(Material provided Opens)

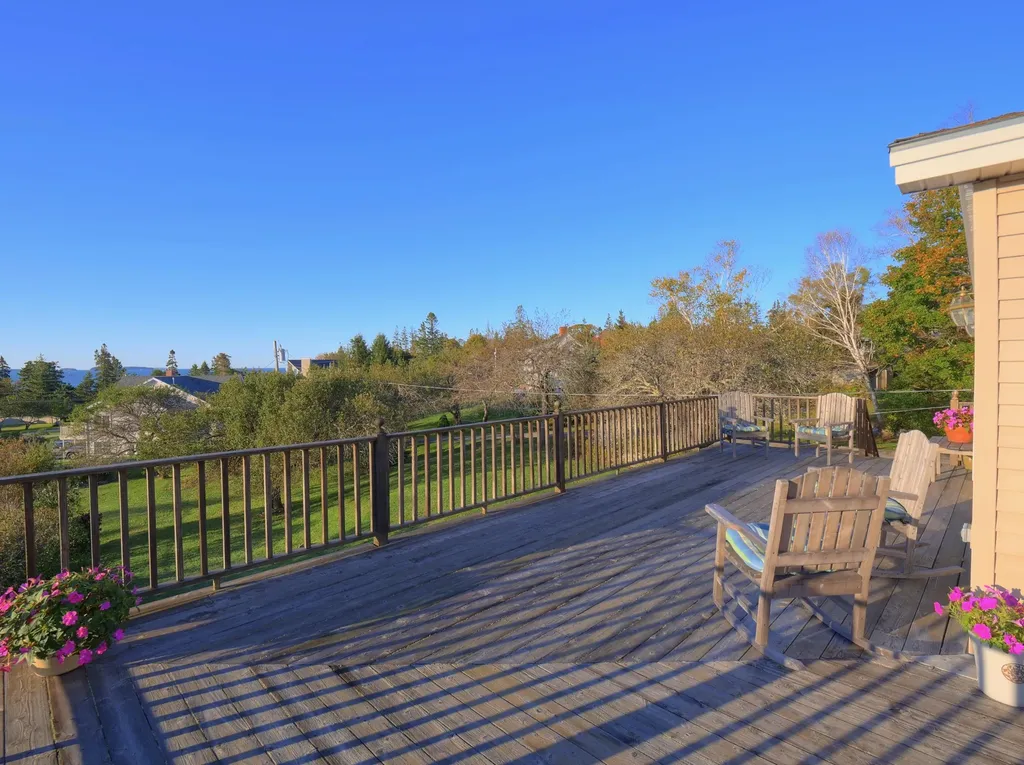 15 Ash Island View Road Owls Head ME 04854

(Material provided Closes)
(Material provided Opens)

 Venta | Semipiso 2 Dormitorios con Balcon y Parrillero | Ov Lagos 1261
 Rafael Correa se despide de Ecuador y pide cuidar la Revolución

(Material provided Closes)
(Material provided Opens)

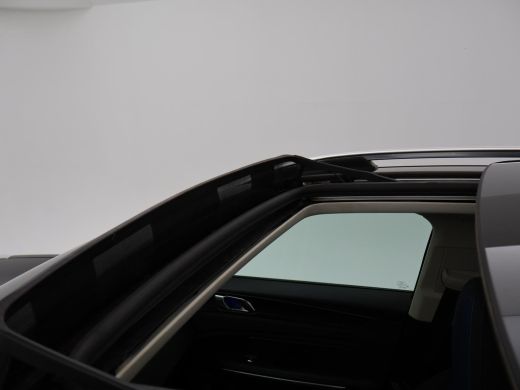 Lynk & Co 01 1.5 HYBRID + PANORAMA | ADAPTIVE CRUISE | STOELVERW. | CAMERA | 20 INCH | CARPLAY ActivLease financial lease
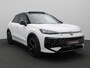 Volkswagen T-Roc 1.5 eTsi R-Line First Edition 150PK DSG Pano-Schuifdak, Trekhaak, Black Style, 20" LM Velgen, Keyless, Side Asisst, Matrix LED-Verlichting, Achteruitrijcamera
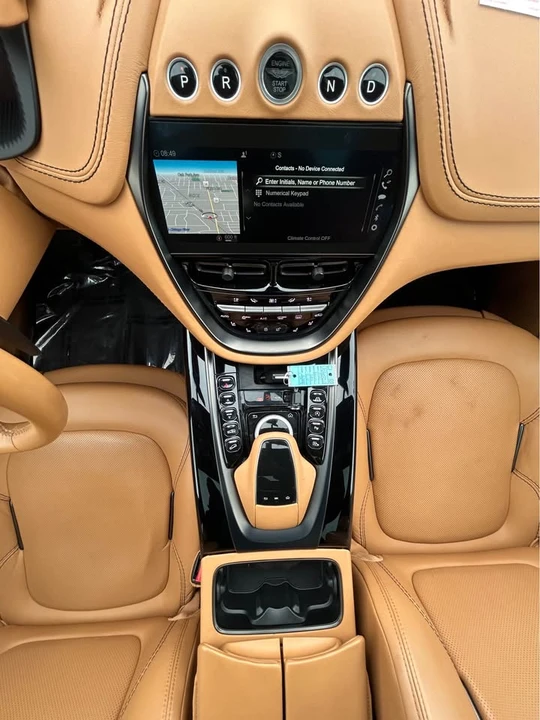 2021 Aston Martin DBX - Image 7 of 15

(Material provided Closes)

[What you should do]: From the listing above, return the lines starting at the one with "Venta | Semipiso" and ending at the one with "Rafael Correa se", both kept, exactly as they appear and nothing more.

[Response area]:
 Venta | Semipiso 2 Dormitorios con Balcon y Parrillero | Ov Lagos 1261
 Rafael Correa se despide de Ecuador y pide cuidar la Revolución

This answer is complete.